The aggregate payments to the company would vary with the volume of referrals by the lessee groups.
The two parties would share in the economic benefit generated by their referrals.
Although certain aspects of the arrangement could potentially qualify for protection under a safe harbor, the arrangement as a whole and the profit it generates for the physician groups could not be protected under safe harbor.
The OIG concluded that the proposal appears to be constructed for the purpose of doing what the leasing company could not otherwise do directly—that is, pay the physician groups for patient referrals and, thus, could expose the parties to the imposition of sanctions.
Does this mean that one must avoid lease arrangements altogether?
Mr. Greeson: Not necessarily. Properly structured lease arrangements can be organized to comply with Stark and should be capable of withstanding scrutiny under the anti-kickback statute. We recommend that our clients who enter into lease agreements look to block-time lease arrangements, where specific date and time slots are set in advance, and thus meet the equipment and space rental safe harbors.
If blocks of scans or blocks of hours of scan time are leased, pricing must be set to make sure the lessee is incurring genuine business risk. We suggest they avoid arrangements that vary pricing based on the volume or value of referrals.

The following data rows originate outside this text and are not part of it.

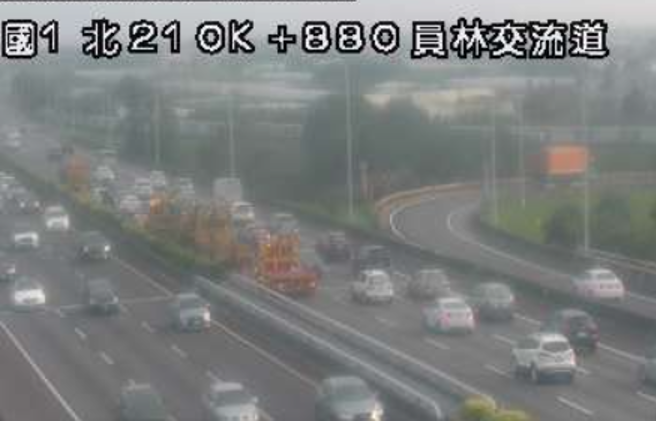 国1南下员林交流道「6车连环撞」占2车道，回堵1公里。(翻摄高速公路1968)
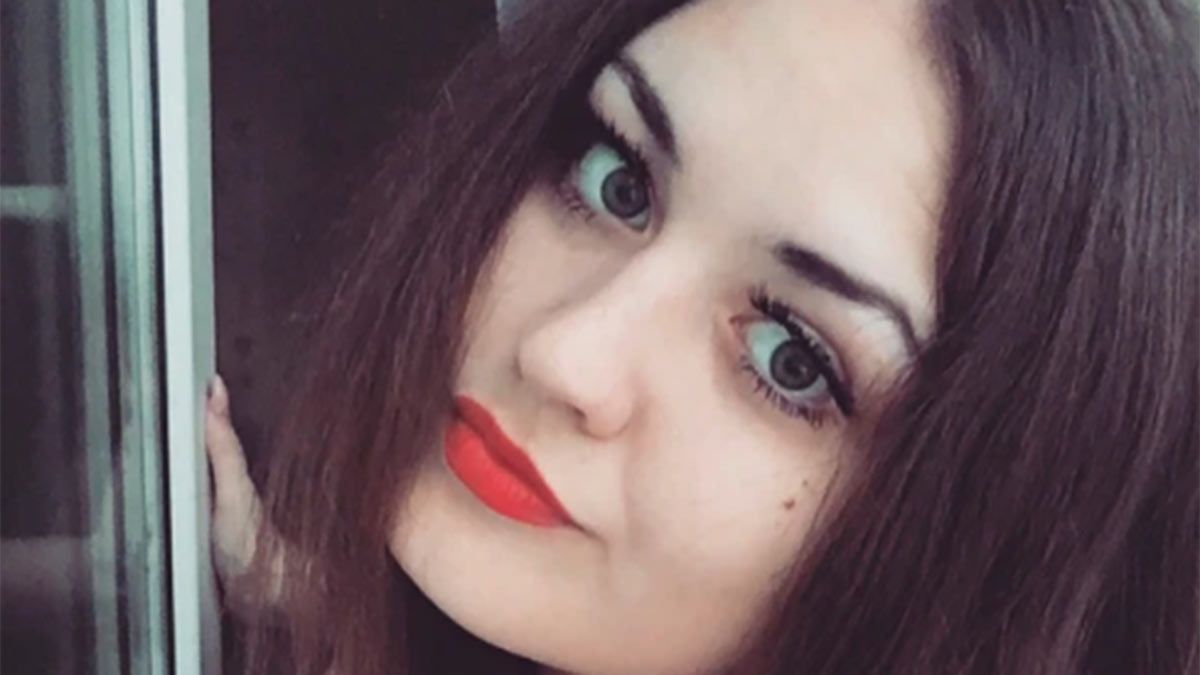 Anastasia Scherbinina, la joven que murió electrocutada por usar el celular mientras se bañaba.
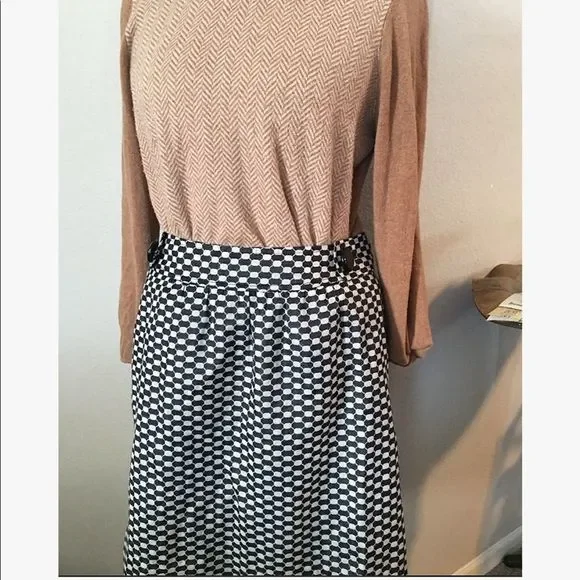 BANANA REPUBLIC mod mini skirt - Picture 2 of 5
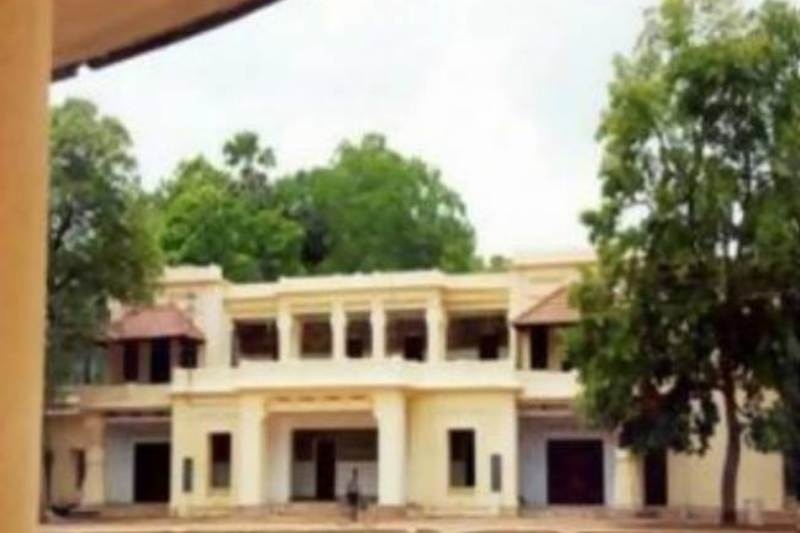 Δασκάλα ανάγκασε 10χρονη μαθήτρια να πιει τα ούρα της!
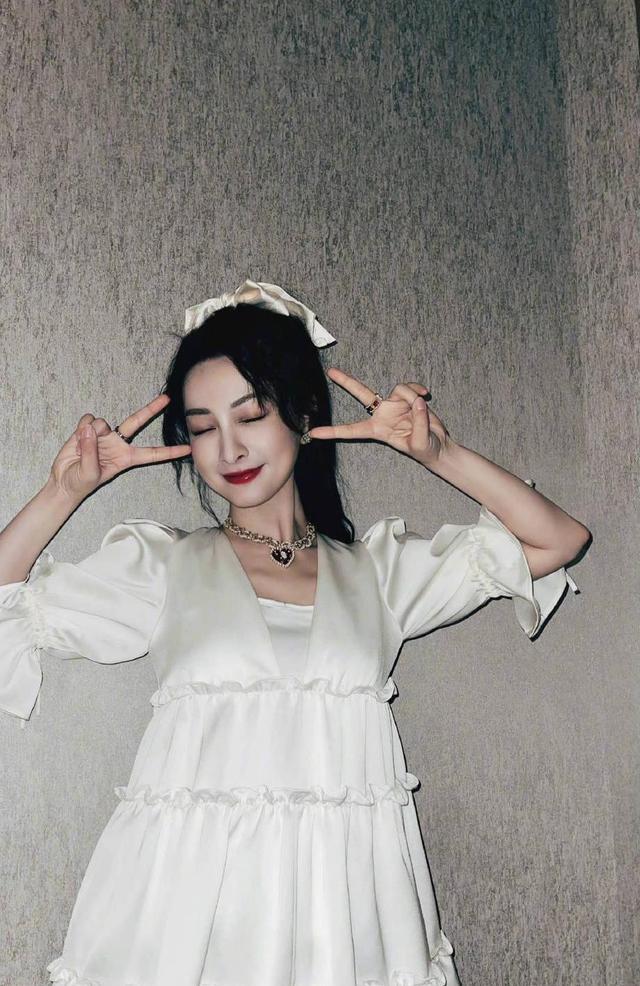 李冰冰|《大侦探7》中，大张伟说吴昕是装傻界的碧昂丝，称为“装傻丝”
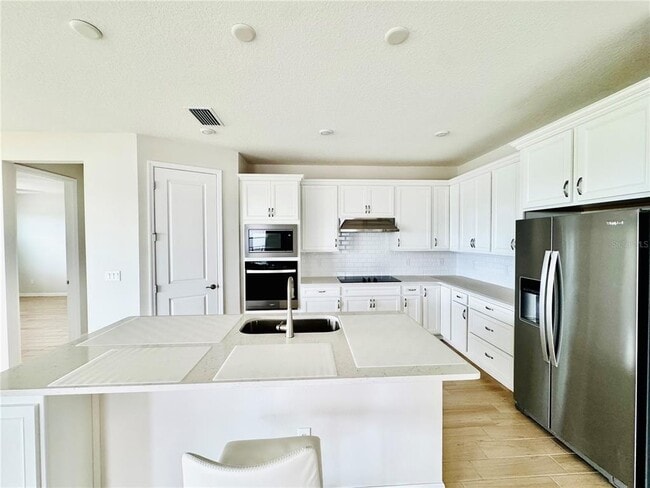 Foto del edificio - 6618 Willow View Ave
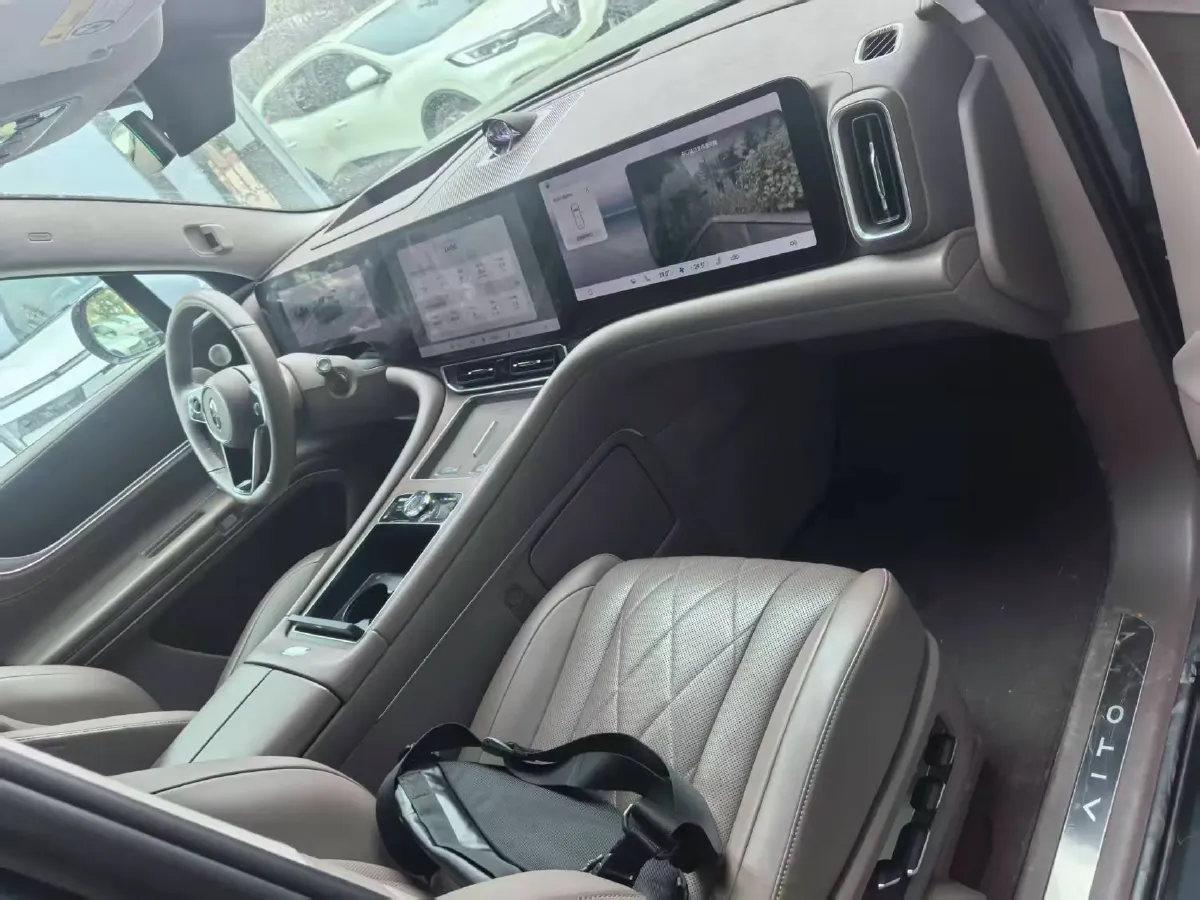 2024 HIMA AITO M9 1.5T 152HP L4 REEV 52KWH,autocango,china used car exporter,china ev exporter,chinese used car exporter,chinese used ev exporter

Will these arrangements continue to proliferate unabated?
Mr. Greeson: Hard to say for sure, but probably not. The OIG has too many concerns. MedPAC has recommended steps to Congress to eliminate many such arrangements, and payers like Highmark Blue Cross Blue Shield in the Pittsburgh area will not permit its participating imaging centers to lease to other physician groups. The Louisiana State Board of Medical Examiners has issued an opinion that per-click lease arrangements violate the state’s anti-kickback law. If other states or other payers follow their lead, these arrangements could disappear.